Move the 'tf.py' file over to the target. You can use webrepl command line program or the WEBREPL web page . If you want the command line extensions, then send over the tf_extend.py file as well

Once the module is present in the file system of the target, you can use the REPL command line interface to invoke it

 >>> import tf
tf module loaded; members cp(), cat(), cd(), _dir(), grep() and sed()
simple shell: cp/copy mv/move rm/del cat/list cd dir/ls mkdir rmdir grep sed help
/$ 

This is the simple command line. You can type dir to get an idea of what's already in your flash file system, and cat to see the contents. [You'll probably find the files boot.py and webrepl_cfg.py are already installed]

  /$ dir
 -rwx all       230 boot.py
 -rwx all      2886 mail.log
 -rwx all      2401 main.py
 -rwx all      2259 main_test.py
 -rwx all     99182 mqtt.log
 -rwx all        98 test.py
 drwx all         2 test_dir
 -rwx all      6903 tf.py
 -rwx all        15 webrepl_cfg.py
 disk size:     392 KB   disk free: 212 KB
 /$ cd test_dir
 /test_dir$ dir
 -rwx all        98 test.py
 disk size:     392 KB   disk free: 212 KB
 /test_dir$ 

If you don't need the simple command line, you can still use the methods listed at the top of this readme. Feel free to cut the tf.py module in half by deleting everything below the line

  def ext_cmd(a):

Extensions

I found the simple command line so useful, I added some extra non-file-related functions. These are included in the optional filr `tf_extend.py'. the available command list is extended to include

scan                      # scan and show the local AP's
connect essid password    # create a persistent wifi connection
ifconfig                  # show current ip address
host <domain.name>        # do an DNS lookup
freq [160 | 80]           # get/set the ESP8266 frequency
exec <python-filename>    # execute a small python file
free                      # display the heap size: used + free

The tf.py module checks to see if the tf_extend.py files exists, and forwards unknown commands to it. The help system also extends when the extension file exists.

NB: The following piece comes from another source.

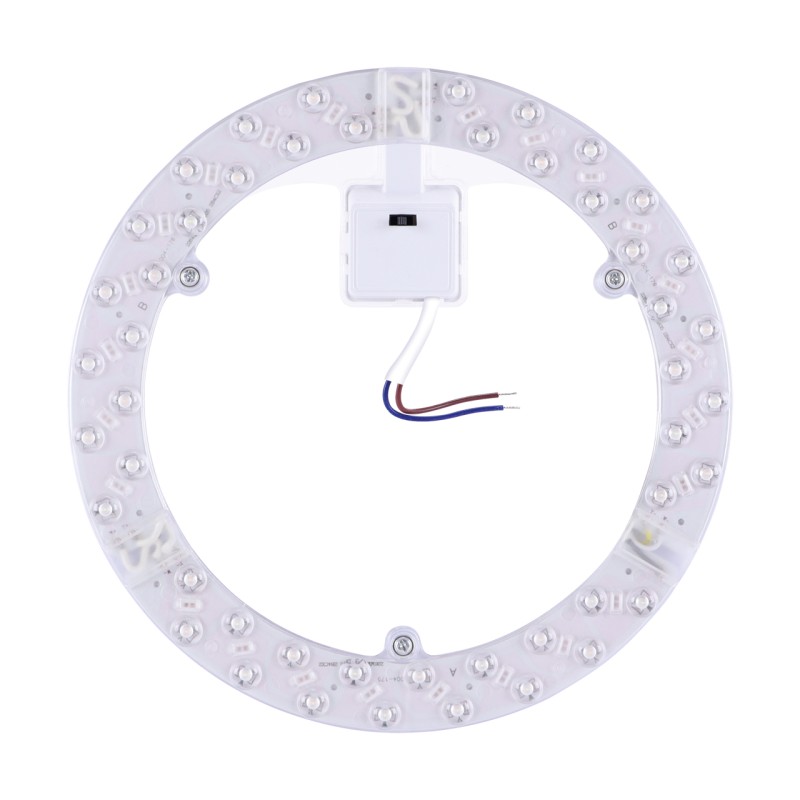 ARENA 24W CCT LED module for ceiling lights, magnetic, 24 cm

Installing the extensions module uses about 2k of flash/disk space and 2kB of heap ram.

Performance

Typical performance on an ESP8266 @80MHz, 90kB log file, 1200 lines; serial connected terminal @115200baud

operation time bytes/sec
copy 5.7 s 16kB/s
cat 8.3 s 10.8kB/s
grep 7.5s 12kB/s
sed-append 6.4s 14KB/s
sed-search/replace 8.0-8.2s 11.0-11.25kB/s
sed-extract 30 lines 2.5s 36kB/s

Note: The copy() time is indicative of the flash-write speed. The grep() and cat() speeds are indicative of the serial rate, as all the characters must be sent through the UART at 115kbaud=11.5kB/s. The sed-extract() is faster, because it only writes 30 lines of text to the flash. The sed-append() is constrained by having to write the entire file.